Moving from that to getting an idea of what all a non-root user would need to be able to access, you can do something like this in the strace-output directory (explainshell here):


    find . -name "linux-vsp.10*" -exec awk -F '"' '{print $2}' {} \; | sort -u >
    linux-vsp_files-accessed.txt

You can see the output of this command here, but you'll need to interpret some of the output from the perspective of the program being executed. For example, I see "Gemfile" in there without a preceding path.

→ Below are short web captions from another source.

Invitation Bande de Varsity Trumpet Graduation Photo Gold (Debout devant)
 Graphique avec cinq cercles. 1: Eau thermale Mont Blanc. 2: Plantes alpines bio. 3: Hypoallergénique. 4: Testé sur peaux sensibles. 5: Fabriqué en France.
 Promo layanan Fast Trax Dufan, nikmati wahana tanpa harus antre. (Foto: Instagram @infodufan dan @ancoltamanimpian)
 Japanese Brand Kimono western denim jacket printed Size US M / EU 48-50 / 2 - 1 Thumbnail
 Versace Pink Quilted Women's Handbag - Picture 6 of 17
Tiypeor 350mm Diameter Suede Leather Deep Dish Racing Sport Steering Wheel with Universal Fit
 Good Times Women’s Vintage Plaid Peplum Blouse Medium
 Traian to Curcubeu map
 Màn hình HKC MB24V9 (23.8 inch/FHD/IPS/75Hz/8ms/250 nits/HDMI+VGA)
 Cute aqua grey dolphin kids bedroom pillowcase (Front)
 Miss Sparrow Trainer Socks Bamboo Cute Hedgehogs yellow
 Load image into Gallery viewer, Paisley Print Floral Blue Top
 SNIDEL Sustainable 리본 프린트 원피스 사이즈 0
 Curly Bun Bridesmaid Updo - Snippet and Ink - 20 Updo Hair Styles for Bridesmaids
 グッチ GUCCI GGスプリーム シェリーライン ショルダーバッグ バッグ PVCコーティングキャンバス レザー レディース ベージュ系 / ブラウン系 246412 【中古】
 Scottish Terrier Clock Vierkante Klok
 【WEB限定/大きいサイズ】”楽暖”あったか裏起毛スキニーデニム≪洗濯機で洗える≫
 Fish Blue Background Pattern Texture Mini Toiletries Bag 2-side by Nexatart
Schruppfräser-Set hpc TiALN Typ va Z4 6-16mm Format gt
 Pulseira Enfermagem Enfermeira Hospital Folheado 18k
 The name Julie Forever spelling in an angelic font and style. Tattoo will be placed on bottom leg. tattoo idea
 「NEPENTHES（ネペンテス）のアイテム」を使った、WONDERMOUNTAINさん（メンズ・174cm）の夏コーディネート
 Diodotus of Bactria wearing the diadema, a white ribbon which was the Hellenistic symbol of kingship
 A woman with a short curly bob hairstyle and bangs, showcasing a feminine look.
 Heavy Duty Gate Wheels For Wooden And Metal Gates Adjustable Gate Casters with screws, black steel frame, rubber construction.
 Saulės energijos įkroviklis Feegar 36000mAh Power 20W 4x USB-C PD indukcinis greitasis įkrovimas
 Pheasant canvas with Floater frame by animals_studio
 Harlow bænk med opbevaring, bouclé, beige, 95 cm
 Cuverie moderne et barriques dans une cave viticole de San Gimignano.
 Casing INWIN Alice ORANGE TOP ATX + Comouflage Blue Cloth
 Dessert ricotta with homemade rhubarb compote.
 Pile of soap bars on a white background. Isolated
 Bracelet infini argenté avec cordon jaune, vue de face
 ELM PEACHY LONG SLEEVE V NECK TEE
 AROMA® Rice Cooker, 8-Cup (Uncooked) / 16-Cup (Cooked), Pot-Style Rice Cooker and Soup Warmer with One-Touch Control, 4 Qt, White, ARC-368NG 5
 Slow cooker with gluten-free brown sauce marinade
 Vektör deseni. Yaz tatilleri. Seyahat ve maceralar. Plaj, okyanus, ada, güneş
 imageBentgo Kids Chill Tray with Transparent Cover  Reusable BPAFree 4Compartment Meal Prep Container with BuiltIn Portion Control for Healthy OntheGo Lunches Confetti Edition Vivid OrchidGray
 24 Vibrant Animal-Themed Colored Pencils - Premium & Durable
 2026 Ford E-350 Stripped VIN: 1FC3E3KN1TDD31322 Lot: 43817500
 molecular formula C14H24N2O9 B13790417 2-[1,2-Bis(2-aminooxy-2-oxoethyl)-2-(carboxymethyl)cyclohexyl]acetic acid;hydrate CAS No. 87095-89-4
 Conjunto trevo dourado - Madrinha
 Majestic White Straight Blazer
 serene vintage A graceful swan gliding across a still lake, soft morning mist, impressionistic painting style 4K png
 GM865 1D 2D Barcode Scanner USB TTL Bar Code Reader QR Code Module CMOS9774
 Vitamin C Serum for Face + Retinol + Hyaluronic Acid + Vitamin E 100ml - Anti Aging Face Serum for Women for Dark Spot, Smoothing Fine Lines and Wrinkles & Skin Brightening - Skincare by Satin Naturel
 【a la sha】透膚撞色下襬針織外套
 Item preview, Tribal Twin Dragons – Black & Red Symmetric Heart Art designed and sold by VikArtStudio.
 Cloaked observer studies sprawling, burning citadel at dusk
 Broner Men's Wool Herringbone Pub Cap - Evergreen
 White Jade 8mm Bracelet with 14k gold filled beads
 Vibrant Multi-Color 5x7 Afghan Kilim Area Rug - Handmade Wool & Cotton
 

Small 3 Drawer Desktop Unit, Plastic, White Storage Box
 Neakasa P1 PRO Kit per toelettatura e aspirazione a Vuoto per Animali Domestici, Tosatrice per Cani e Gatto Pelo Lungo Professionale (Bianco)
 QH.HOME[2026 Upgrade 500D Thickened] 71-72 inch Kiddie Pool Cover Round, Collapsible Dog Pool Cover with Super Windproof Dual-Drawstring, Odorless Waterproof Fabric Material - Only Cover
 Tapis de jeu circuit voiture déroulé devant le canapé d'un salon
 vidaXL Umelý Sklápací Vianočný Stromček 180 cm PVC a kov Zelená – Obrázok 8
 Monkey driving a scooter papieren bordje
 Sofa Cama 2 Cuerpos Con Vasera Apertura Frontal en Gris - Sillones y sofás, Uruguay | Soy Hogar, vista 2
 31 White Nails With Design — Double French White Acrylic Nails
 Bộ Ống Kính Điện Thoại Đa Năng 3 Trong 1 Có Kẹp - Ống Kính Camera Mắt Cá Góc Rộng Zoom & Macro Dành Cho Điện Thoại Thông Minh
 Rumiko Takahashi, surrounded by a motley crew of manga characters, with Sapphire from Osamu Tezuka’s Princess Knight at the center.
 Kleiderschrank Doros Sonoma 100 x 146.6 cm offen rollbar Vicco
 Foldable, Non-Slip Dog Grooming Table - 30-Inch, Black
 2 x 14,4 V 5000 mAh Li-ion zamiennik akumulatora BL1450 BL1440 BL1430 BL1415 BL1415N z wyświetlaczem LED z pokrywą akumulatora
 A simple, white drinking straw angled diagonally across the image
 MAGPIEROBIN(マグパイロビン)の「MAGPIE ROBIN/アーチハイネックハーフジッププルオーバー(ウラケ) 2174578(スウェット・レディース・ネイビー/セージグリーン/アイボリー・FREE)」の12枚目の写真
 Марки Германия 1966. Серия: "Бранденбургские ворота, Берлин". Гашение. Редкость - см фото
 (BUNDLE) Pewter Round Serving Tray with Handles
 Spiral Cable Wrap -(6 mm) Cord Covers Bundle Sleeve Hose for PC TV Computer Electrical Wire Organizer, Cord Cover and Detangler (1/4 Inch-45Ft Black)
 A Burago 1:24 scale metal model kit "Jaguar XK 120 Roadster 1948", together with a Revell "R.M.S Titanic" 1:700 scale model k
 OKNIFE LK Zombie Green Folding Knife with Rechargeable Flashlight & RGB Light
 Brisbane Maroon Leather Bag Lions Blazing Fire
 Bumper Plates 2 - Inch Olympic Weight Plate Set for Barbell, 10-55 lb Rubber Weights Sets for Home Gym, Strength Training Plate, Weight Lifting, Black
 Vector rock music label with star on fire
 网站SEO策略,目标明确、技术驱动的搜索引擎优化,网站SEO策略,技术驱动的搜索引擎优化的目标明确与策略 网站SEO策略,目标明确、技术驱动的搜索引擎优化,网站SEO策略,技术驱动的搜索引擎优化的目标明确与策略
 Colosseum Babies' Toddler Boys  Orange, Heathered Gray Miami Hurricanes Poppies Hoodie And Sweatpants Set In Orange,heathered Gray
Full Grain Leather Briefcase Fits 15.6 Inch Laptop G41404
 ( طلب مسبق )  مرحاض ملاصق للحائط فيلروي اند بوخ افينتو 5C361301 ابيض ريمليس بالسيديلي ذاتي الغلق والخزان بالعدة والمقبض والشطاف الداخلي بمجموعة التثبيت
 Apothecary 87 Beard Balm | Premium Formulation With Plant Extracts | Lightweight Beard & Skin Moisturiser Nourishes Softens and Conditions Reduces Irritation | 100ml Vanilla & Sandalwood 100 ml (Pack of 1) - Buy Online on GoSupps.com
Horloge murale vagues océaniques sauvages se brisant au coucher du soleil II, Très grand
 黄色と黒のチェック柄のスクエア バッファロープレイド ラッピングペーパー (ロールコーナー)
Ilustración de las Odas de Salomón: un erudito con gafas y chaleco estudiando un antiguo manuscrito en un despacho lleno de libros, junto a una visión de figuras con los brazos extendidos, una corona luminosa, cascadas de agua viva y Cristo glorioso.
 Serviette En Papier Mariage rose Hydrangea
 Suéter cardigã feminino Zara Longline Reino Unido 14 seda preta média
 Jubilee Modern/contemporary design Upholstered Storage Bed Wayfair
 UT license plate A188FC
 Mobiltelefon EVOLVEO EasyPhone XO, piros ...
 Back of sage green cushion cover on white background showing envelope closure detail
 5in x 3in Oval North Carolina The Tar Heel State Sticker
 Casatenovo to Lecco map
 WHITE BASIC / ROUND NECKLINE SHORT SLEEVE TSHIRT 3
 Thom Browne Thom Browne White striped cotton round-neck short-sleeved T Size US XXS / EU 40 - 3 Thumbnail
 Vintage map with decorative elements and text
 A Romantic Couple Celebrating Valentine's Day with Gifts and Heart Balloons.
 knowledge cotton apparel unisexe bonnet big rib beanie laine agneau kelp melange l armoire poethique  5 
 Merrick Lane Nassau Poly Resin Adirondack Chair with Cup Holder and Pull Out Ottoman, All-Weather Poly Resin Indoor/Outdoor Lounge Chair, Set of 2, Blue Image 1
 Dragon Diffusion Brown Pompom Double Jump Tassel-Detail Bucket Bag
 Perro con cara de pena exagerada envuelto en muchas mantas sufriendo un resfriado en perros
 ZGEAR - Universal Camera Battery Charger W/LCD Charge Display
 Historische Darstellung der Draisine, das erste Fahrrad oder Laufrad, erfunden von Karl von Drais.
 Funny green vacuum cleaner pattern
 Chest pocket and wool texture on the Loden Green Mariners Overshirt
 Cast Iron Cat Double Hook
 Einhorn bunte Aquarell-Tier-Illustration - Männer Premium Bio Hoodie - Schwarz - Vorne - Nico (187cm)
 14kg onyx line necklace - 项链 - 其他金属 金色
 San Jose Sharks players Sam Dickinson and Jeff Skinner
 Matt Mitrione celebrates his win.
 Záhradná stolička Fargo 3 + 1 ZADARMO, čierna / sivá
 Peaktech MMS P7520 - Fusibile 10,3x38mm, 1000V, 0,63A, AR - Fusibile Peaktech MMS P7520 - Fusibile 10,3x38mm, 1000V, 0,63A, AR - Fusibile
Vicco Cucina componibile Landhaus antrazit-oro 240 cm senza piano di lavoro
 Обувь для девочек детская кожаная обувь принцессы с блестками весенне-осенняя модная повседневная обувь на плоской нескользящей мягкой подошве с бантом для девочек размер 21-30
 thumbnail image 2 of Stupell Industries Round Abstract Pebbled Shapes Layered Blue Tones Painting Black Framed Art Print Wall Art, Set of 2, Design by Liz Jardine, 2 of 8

I expect that's Auditor looking in the ./linux-vsp directory where the profile being called exists, and the other entries without a preceding path are probably also relative to the command being executed.

Parsing strace output of a container execution

I said Docker earlier, but I've got podman installed on this machine so that's what the output will reflect. You can find the output of the following command in the strace-output directory in files matching the pattern container_cobol.*, and wow. Turns out running a full CentOS container produces a lot of output. When scanning through the files, you see what looks like podman doing podman things, and what looks like the COBOL Hello World application executing in the container. As I go through these files I will call out anything particularly interesting I see along the way:


        root@trace1:~# strace -ff --trace=%file -o /root/container_cobol podman run -it container_cobol
        Hello world!
        root@trace1:~# ls -1 container_cobol.* | wc -l
        146

I'm not going to go through 146 files individually as I did previously, but this is an interesting data point:


        root@trace1:strace-output# find . -name "container_cobol.1*" -exec awk -F '"' '{print $2}' {} \; | sort -u > container_cobol_files-accessed.txt

        root@trace1:strace-output# wc -l container_cobol_files-accessed.txt
        637 container_cobol_files-accessed.txt
        
        root@trace1:strace-output# wc -l linux-vsp_files-accessed.txt
        104754 linux-vsp_files-accessed.txt

So the full CentOS container running a little COBOL Hello World application needs access to six hundred thirty seven files, and CINC Auditor running a 22-line profile directly on the OS needs to access over one hundred four thousand files. That doesn't directly mean that one is more or less of a security risk than the other, particularly given that a Hello World application can't report on the compliance state of your machines, containers, or applications for example, but it is fun to think about. One of the neatest things about debugging using tools which expose the underlying operations of a container exec is that you can reason about what containerization is actually doing. In this case, since we're showing what files are accessed during the container exec, sorting the list, and removing duplicate entries it's a cursory view but still useful.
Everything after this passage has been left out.